DeNoWriMo the First

Granted I haven’t written here for a while, but I have been writing since the last time I posted. So much so, that I have decided to declare May the first arbitrary Dennis’s Novel Writing Month (DeNoWriMo I). Over the next 31 days, I plan to churn out 50,000 or so words on a project I have been working on–on and off–since last year’s NaNoWriMo. If May goes well, I may well declare June DeNoWriMo II.

What’s the point of all of this? Well, my hope is that I will have something to report by the end of this year, but you will just have to stay tuned. And, while you’re waiting, why not try YoNoWriMo (your own Novel Writing Month).

DLH

2011: A year to write

Frankly, my writing goals for 2011 are not much different from my writing goals for 2010 with perhaps the exception that I’ve taken on another project besides the Eagle Stone in an effort to get something going.

Really, all I want for 2011 is to establish a regular routine of writing that produces some volume of work by the end of the year. If we pretend that I can write 2,000 words a day between now and 31 December, then we can also pretend that I should have 730,000 words to show for it at the end of the year.

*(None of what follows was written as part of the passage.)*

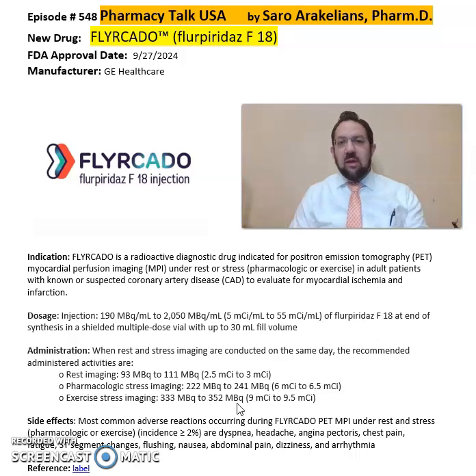Again, this is summary information about Fulicado or Fluoropiridaz from GE Healthcare as a radioactive diagnostic drug. For more detailed information on this drug, refer back to the package insert to get more information on the dosing and precautions, especially the dosing based on the indication — whether it's rest imaging, pharmacological stress imaging, or exercise stress imaging — to get more specifics on this medication.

While I hope that I write, I also hope that, if you have something you want to write about, you write too. If you need someone to encourage you in that task, please let me know. I am always willing to help encourage other writers as much as I appreciate the encouragement myself.

DLH

Writing: NaNoWriMo Preview: Work ethic

Another question that people who are not writing yet tend to ask writers is something along the lines of, “How do you do it?” “Do what?” I usually ask, to which they respond, “You know, write.”

Well, my years of experience tell the that, in order to write, you have to, well, write.

It’s really as simple as that, after a fashion. Writers write, usually every day, and usually a large number of words.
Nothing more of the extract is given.